One of the seemingly inviolate rules of modern writing is to keep adjectives and adverbs to a minimum. Are adjectives and adverbs really that bad?
Yes and no.
They are fine words, in and of themselves. This is my fifth sentence in this post and I've already used several great adjectives. If I hadn't, the tone of the piece would be different. So what's wrong with adjectives, anyway.
It's not so much the adjectives that are bad. It's the quality and quantity of the adjectives.
Most of us were taught somewhere in grammar school that adjectives make writing more descriptive. Some of the first positive critiques our writing received might have been from teachers complimenting how well we described things when we piled on adjectives. Our peers were writing "The car drove fast on the road" while we budding authors spruced things up and wrote that "The shiny little yellow car drove very fast on the long dusty road."
When learning to write and learning the parts of speech, adjectives received accolades. So what happened? What changed?
Serious writing at a professional level requires strong nouns and verbs. Adjectives often highlight the weakness of a writer's nouns. Likewise, adverbs point a long pointy finger at weak verbs.
When you see a string of adjectives before one of your nouns, look carefully at the noun and the context surrounding it. In our quest to "show, don't tell," adjectives are not our friends. Replace the noun with something more specific. "Volvo," "AMC Pacer," "Suburban," and "Dodge 4x4" are much more specific than "car"--even if the car is shiny and little and yellow--and do additional work by telling you something about the person who is driving the car. The driver of a vintage MG is probably a different kind of character than the guy in a Hummer.
Replace the adjective with specifics, add the kind of sensory input through which we experience the real world, and, if appropriate in the context, include the reaction of your character. If you really need the helper words, keep them. That a 4x4 is
mud-drenched might be a critical detail. And it's certainly more vivid
than a "dirty truck."
One of the problems with many adjectives is that they are abstractions. "Beautiful" doesn't give your reader anything concrete to picture. What does "beautiful" even mean? How am I supposed to react to it? Is my beautiful the same as yours? Probably not. Concrete language creates an image. Abstractions create a fuzzy haze.

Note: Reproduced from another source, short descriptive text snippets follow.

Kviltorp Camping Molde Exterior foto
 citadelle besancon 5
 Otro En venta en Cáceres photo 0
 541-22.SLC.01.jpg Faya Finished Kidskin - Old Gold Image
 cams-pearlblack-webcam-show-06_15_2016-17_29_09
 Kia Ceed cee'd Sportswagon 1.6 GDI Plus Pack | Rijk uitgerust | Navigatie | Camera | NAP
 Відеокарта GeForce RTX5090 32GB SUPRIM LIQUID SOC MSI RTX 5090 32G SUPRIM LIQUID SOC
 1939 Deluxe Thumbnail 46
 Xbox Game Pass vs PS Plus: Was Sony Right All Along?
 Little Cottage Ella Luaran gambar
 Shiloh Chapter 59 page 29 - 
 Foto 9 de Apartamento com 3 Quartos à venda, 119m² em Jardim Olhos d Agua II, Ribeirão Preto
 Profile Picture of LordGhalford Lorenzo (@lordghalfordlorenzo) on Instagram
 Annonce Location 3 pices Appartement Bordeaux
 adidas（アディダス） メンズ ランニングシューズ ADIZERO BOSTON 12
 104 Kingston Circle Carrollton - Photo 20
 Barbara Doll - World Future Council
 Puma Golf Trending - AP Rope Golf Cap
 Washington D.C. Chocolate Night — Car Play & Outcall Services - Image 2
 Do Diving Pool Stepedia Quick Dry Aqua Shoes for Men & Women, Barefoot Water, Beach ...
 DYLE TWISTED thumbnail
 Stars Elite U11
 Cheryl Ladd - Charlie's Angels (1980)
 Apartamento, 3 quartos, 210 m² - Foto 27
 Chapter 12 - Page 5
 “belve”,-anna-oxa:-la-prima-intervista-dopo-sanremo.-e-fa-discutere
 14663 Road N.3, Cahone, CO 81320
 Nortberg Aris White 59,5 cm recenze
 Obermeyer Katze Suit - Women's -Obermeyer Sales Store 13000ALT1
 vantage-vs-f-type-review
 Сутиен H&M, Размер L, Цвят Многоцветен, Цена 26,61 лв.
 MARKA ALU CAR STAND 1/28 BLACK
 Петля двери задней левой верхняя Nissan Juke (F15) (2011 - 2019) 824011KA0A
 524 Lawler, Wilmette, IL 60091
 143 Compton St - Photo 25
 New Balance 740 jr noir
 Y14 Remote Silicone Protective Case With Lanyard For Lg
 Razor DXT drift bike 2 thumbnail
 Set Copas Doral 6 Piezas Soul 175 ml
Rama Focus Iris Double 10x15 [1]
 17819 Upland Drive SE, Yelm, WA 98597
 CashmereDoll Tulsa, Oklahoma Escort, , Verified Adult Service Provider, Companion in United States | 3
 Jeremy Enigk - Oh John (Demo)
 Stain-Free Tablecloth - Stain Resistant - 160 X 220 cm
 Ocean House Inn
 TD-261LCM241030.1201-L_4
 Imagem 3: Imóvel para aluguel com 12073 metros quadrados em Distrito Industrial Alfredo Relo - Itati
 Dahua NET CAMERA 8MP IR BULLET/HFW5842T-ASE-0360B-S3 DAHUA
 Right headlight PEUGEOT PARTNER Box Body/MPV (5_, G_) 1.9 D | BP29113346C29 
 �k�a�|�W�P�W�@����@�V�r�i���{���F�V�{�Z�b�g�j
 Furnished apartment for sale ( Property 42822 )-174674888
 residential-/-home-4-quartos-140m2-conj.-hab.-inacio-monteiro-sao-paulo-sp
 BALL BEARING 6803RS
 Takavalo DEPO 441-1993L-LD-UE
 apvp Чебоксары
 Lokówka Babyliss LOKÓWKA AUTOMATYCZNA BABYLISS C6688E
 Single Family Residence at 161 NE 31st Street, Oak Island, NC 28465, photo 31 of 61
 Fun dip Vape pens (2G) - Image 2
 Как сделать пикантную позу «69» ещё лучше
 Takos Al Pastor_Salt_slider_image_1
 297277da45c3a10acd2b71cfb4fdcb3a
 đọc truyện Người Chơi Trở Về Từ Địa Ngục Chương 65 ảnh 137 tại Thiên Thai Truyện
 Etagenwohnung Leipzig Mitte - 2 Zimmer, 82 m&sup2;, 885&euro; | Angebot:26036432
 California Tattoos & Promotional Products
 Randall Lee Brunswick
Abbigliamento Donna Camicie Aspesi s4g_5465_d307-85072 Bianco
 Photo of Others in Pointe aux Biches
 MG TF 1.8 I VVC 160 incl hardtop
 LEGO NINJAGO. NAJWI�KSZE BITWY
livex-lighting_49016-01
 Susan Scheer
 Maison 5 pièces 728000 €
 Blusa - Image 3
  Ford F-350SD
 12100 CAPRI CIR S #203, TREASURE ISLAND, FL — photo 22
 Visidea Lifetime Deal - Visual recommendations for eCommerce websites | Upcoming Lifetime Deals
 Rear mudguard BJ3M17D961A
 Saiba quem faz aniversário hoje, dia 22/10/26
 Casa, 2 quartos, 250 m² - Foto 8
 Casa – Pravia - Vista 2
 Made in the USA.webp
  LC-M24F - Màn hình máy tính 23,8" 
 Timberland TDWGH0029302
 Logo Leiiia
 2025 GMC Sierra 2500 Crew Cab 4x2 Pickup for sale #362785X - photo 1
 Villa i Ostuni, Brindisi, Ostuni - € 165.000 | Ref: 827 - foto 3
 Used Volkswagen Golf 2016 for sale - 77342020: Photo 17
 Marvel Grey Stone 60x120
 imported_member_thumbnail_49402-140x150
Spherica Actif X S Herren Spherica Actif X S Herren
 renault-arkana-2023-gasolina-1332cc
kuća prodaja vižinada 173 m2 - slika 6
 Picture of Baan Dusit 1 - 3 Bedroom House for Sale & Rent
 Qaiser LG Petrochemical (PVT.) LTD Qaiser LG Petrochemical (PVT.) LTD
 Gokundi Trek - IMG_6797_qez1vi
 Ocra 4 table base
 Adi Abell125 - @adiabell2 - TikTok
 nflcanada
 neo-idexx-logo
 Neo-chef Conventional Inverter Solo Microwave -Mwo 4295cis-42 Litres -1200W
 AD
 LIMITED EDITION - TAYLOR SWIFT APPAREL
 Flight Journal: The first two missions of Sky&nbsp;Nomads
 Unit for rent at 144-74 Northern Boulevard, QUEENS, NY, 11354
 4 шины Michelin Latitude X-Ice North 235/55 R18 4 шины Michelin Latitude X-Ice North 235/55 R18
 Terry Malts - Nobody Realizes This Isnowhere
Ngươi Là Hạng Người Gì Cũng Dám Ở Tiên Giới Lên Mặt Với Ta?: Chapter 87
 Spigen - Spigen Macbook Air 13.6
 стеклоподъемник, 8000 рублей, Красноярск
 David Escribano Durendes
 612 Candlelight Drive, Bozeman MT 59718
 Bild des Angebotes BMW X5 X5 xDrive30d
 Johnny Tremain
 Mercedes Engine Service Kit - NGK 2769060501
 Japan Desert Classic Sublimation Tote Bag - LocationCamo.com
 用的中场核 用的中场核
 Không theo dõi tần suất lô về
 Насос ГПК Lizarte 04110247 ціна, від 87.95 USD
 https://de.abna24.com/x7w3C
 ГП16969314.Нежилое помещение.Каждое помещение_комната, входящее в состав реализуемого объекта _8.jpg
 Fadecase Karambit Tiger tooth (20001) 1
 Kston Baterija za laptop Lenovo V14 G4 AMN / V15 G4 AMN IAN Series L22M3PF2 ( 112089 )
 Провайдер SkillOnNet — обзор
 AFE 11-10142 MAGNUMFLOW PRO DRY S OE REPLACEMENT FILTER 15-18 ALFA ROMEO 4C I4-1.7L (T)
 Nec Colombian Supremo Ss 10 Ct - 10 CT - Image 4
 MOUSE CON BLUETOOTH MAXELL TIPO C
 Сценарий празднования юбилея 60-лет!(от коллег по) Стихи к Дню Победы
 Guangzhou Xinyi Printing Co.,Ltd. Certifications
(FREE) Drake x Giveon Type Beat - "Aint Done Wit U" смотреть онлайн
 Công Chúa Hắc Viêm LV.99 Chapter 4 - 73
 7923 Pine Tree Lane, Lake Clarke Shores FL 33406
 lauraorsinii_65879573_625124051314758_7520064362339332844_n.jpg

In many cases, it's OK for two readers to picture something differently. The reader's imagination fills in the holes you leave, which is why in today's writing you seldom see the same kinds of lengthy descriptions of characters as were common 100 years ago. Today, the writer provides just enough description to trigger the reader's imagination. Still, the better your images, the more engaging the writing.
Adverbs have similar problems. They often point to verbs that are not doing their jobs. What does it mean if a characters runs slowly? Is she slow because she's out of shape? Is she running as fast as she can, but that happens to not be especially swift? Try replacing the verb-adverb combination with a better verb that shows what you mean by "ran slowly." Like "jogged." "Lumbered." "Trotted." Each of those means something different and says more about your character than "ran slowly."
In the end, the decision about whether the adjectives and adverbs are helping the nouns and verbs pull their weight or enabling their laziness is yours. But when you revise, look specifically for nouns and verbs that are combined with those helper words. Look at each one and decide whether it says what you want, as strongly as it can.